In a new study published online in the open access journal PLoS Biology, Philipp Niethammer, Eric Karsenti, and colleagues investigate the regulation of microtubule dynamics via application of their new method, called visual immunoprecipitation (VIP), which enables simultaneous visualization of multiple protein interactions in cell extracts.
When eukaryotic cells undergo cell division, a dramatic reorganization occurs during the transition from interphase to metaphase. The cell rounds up, chromosomes condense, the nuclear envelope breaks down, and microtubules (proteins that help maintain the cell's shape) become very short and dynamic before assembly of the mitotic spindle (the structure that pulls chromosomes apart).

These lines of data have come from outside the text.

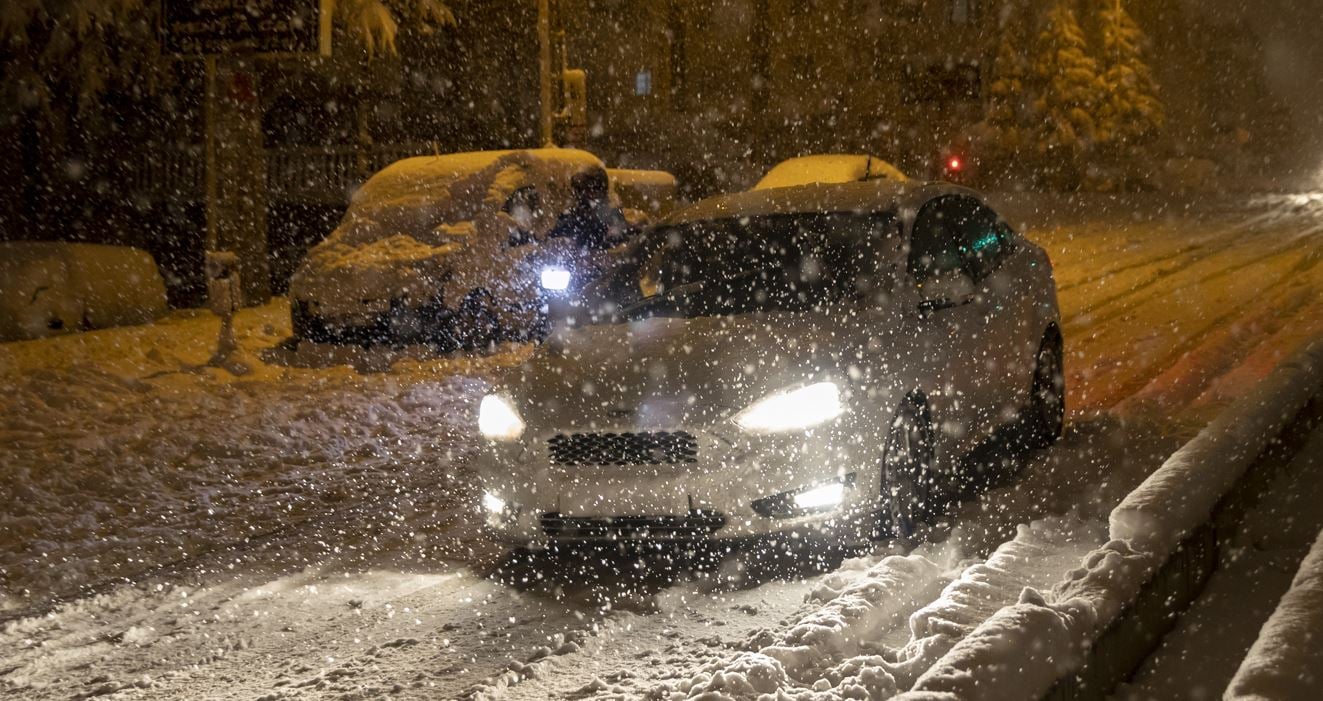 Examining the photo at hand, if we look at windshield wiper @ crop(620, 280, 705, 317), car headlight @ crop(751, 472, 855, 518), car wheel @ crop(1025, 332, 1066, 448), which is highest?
windshield wiper @ crop(620, 280, 705, 317)

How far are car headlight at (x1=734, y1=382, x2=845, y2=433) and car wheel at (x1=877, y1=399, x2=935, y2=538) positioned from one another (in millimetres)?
373

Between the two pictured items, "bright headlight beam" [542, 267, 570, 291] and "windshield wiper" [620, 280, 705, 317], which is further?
"bright headlight beam" [542, 267, 570, 291]

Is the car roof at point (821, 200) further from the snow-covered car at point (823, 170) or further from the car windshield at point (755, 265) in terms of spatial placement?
the snow-covered car at point (823, 170)

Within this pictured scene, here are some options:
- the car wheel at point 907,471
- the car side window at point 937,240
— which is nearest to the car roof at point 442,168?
the car side window at point 937,240

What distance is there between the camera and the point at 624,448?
235 inches

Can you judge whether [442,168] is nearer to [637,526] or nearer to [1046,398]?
[1046,398]

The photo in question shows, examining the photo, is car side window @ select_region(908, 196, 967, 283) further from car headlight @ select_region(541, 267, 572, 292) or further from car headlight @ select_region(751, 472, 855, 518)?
car headlight @ select_region(541, 267, 572, 292)

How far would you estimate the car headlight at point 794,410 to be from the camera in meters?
Answer: 5.94

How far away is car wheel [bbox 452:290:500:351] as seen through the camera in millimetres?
13734

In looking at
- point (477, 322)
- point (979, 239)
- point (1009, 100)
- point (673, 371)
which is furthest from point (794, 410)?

Although it is known that the CDK1 kinase induces this reorganization, the precise mechanisms that regulate such coordinated changes are not yet understood.
There are two known major regulators of microtubule dynamics: a stabilizer (XMAP215) and a destabilizer (XKCM1); a series of other molecules (EB1, APC, and CLIP 170) are also involved, although their roles in the global regulation of microtubule dynamic instability are not as clear. Using VIP, these researchers show that microtubules are stable during interphase because the destabilizer is inhibited by the other molecul es. During mitosis, however, the destabilizer is released, triggering the alteration of microtubule structure and dynamics. Thus, microtubule dynamics change in response to a dramatic switch in the interactions of a set of proteins.